Ainda na linha do que o Homem do Tambor escreveu, convém pensar um pouco sobre a questão dos incêndios. Depois de tudo ter voltado a arder, todos atiram as culpas uns aos outros. Ora, se formos a ver, a culpa é de todos e divide-se em 3 níveis.
1. O Governo. Já o ano passado, quando pensámos não haveria fogos mais trágicos que os que se sucederam pelo país fora, pensou-se que o governo dos caceteiros de direita ainda fizessem que, pelo menos legalmente, a prevenção e o combate corressem melhor. Chegamos ao início do verão, e os diplomas ainda não estavam aprovados, deixando-nos mais um verão à mercê do fogo. Será que com o dinheiro dos já míticos submarinos, não poderíamos comprar 3 aviões Canadair? Ou será que os submarinos vão esguichar água para os montes em chamas? Porquê recusar a ajuda estrangeira, mesmo que ela representa um custo adicional? É melhor deixar arder a mata? E já agora, pode parecer sacrilégio para alguns, mas não querendo ainda assim generalizar, há muitos bombeiros que não deram o seu melhor no combate aos fogos, havendo muitos a deixar arder (e a TV mostrou-o). A fama de que os bombeiros são uns "relaxados" precede-os...
2. As Câmaras Municipais.
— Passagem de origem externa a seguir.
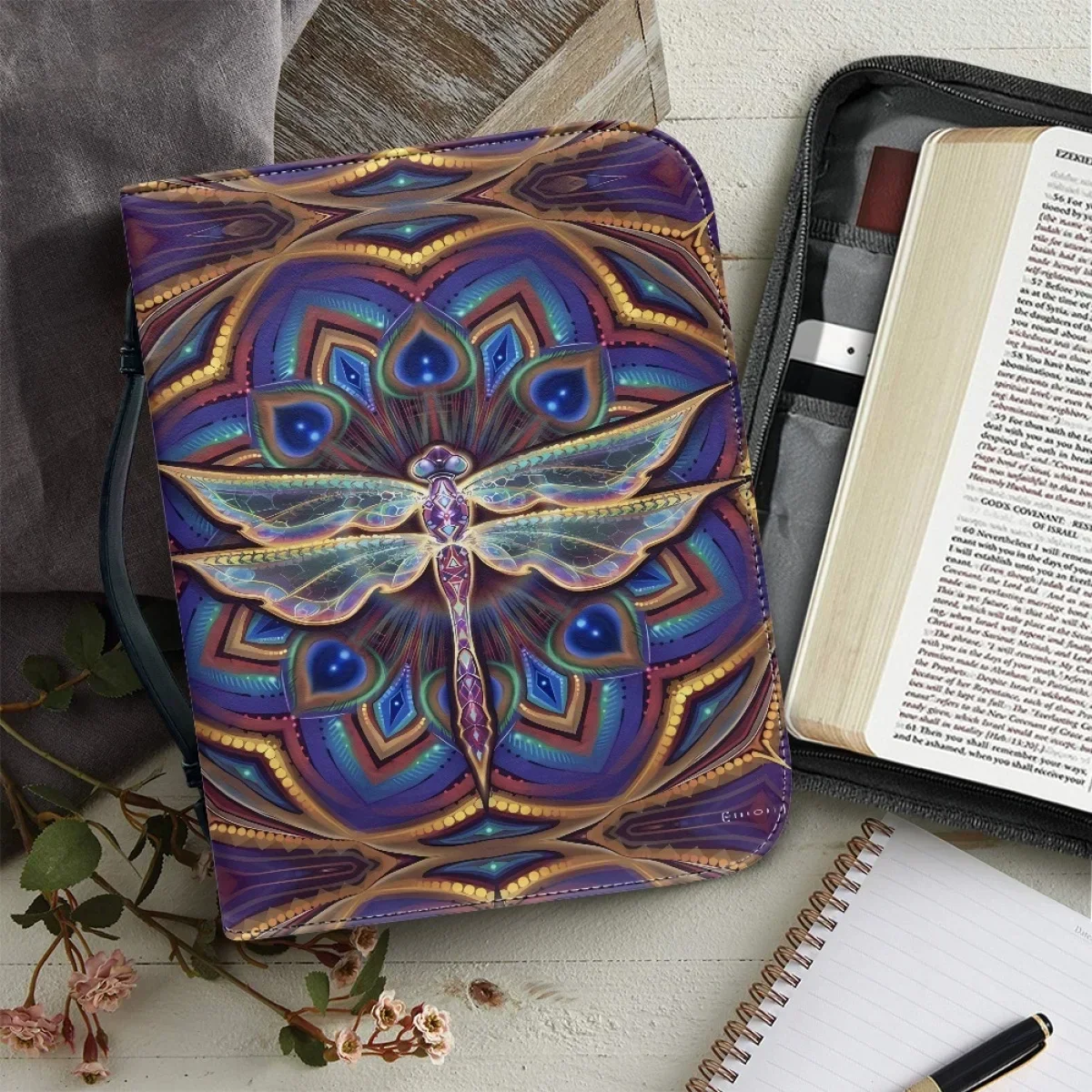 Tas Penyimpanan Alkitab Kulit  - Interior Design Book ulasan dan harga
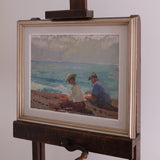 Coffee Break by the Öland Coast, 1944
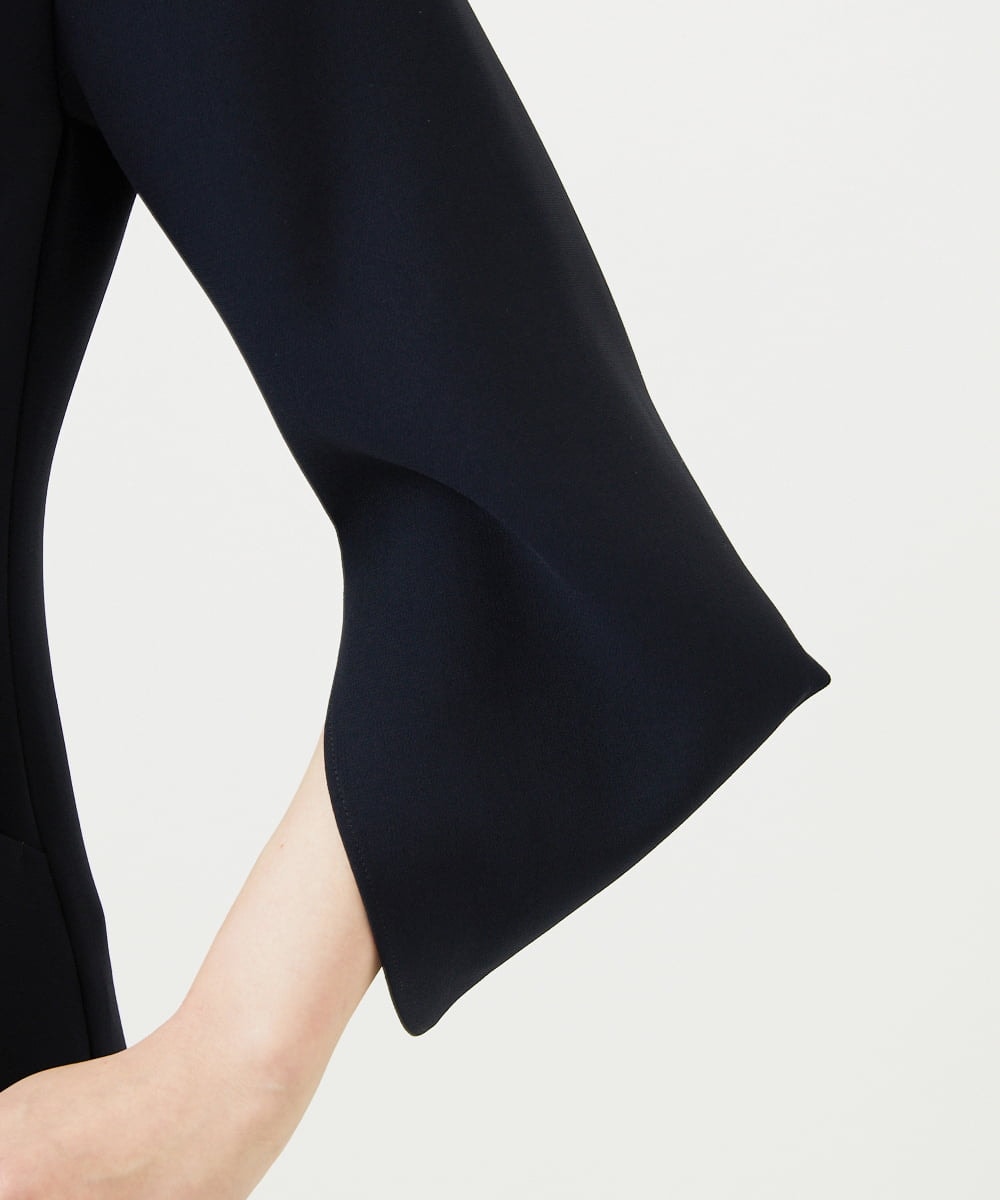 GBJEE01540 Sybilla(シビラ) スリットスリーブジャケット ダークネイビー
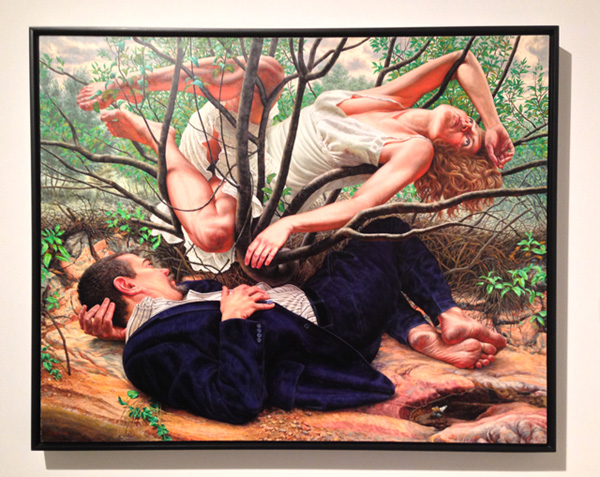 F. Scott Hess, "Riverbed," 2004 48 x 60 inches; Oil on canvas 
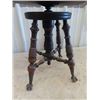 Image 3 : Pioneer Stool w Ball & Claw Feet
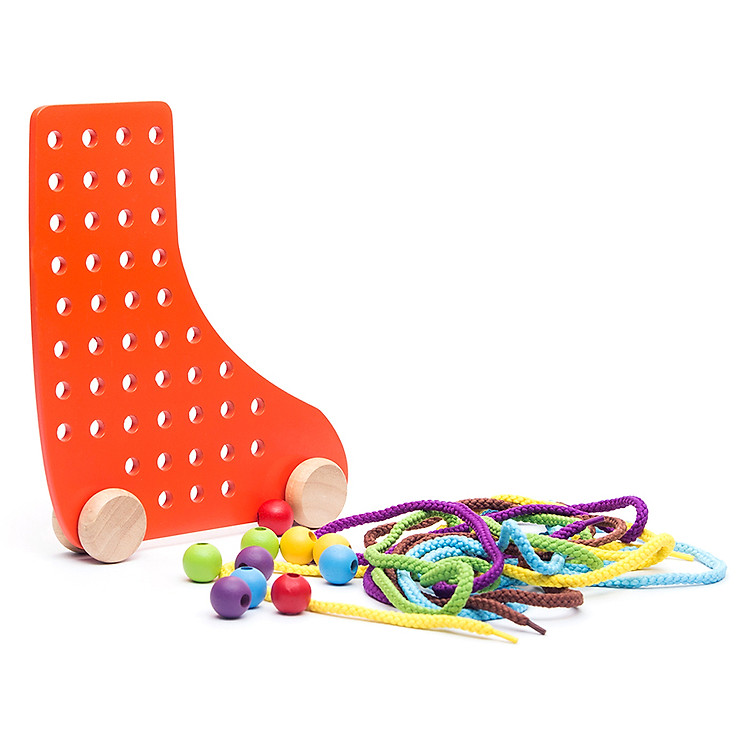 Đồ Chơi Gỗ Đan Lát Tottosi - Chiếc Giày 203001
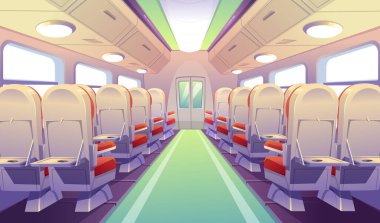 Boş otobüs, tren ya da içi sandalye dolu uçak.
Muito pedem ao Governo, mas em tarefas que podem aproveitar o seu pessoal operário sem grande prejuízo para a casa, e requerendo só um ou dois veículos automóveis, simplesmente não fazem. Porque é que, nem que fosse só em terrenos pertença do município, não se limpa o mato, as bermas e afins? É natural que alguns autarcas pareçam algo hipócritas quando confrontados com os holofotes da TV nos momentos de tragédia...
3. O resto da malta. E chegamos até nós, o terceiro estado. Tal como no dealbar da Revolução Francesa, o terceiro estado dividia-se em dois grupos: burguesia e povo. Assim, poderemos dividir a culpa (com as devidas percentagens, claro). A burguesia silvicultora muito barafusta pelo tragédia que a assolou, mas nunca ouvi de um grande silvicultor que fosse que dissesse que andava a apostar na limpeza dos seus terrenos (vi antes clubes de praticantes de TT a limpar as estradas por onde passam...), sendo que muitos neles não é por falta de dinheiro, já que têm o seu jipito e barquito da praxe... Junte-se a isto as indústrias da pasta de papel (cujo advogado é agora ministro do ambiente...) que aproveitam os fogos para comprar madeira com um preço mais baixo (será que alguma intencionalidade nisto tudo?). Depois, viemos nós, o povo, que pura e simplesmente, deveríamos estar imbuídos do velho espírito de Abril, que ao menos assim uníamo-nos e partiríamos nós para limpeza desses matos (e porque não okupar alguns terrenos de silvicultores que só ando nisso por mero e vil dinheiro?)